Output every line below as it stands, dropping only the images.

:: SUPPLIED DATA ::
*** Block opens ***

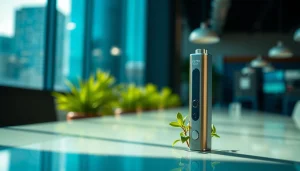 Admiring a stylish jeeter juice pen with modern design on a reflective surface.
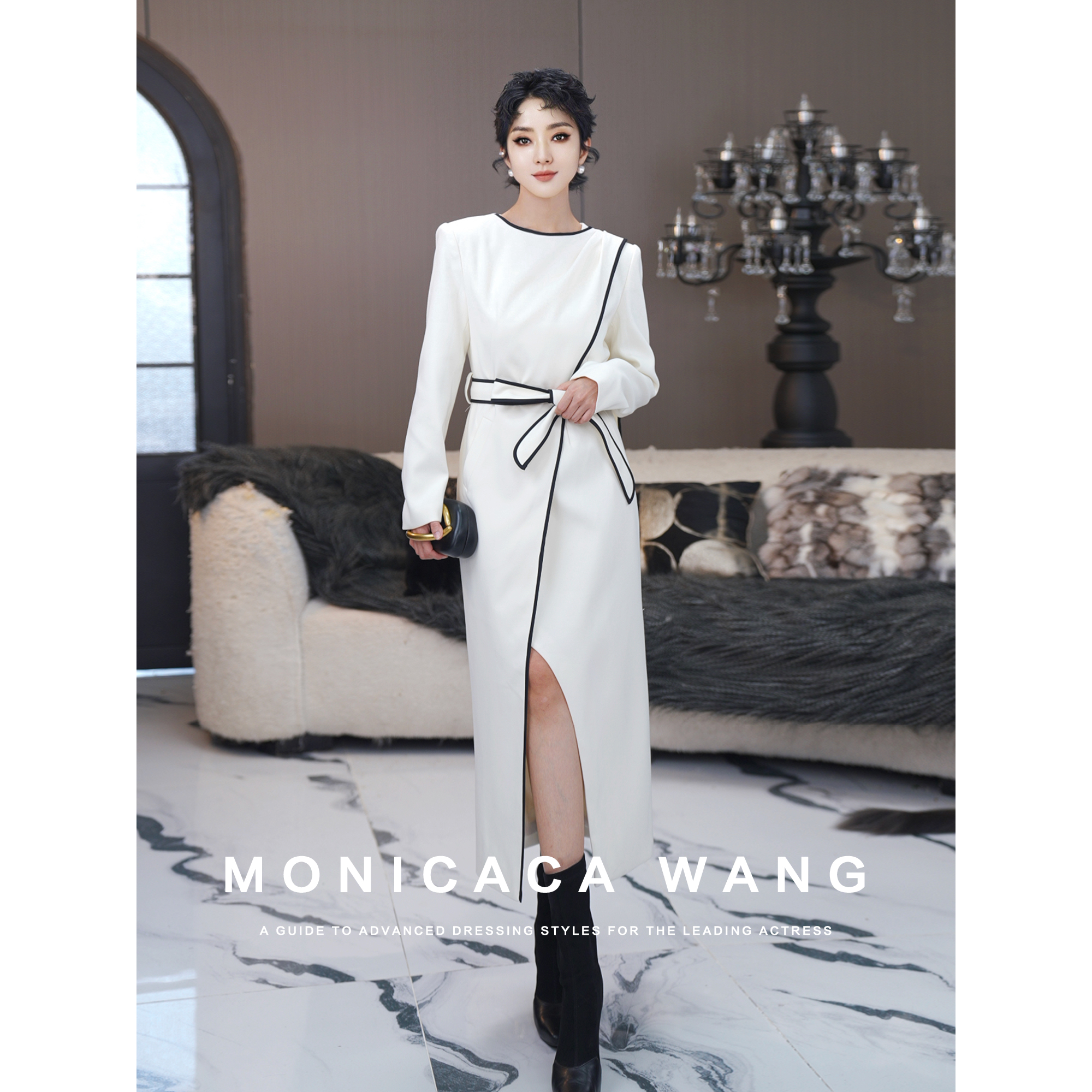 【莫妮卡卡】2025秋冬新款老钱风轻奢时尚收腰显瘦连衣裙ZJL20136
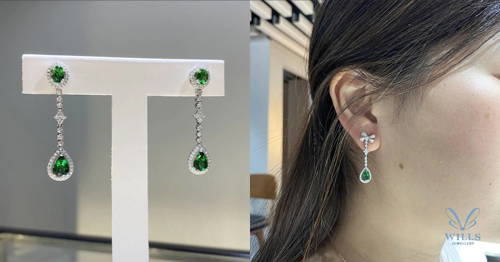 Three-Way Tsavorite Gemstone Diamond Earrings WILLS JEWELLERY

*** Block closes ***

:: WRITTEN SOLUTION ::
 Admiring a stylish jeeter juice pen with modern design on a reflective surface.
 【莫妮卡卡】2025秋冬新款老钱风轻奢时尚收腰显瘦连衣裙ZJL20136
 Three-Way Tsavorite Gemstone Diamond Earrings WILLS JEWELLERY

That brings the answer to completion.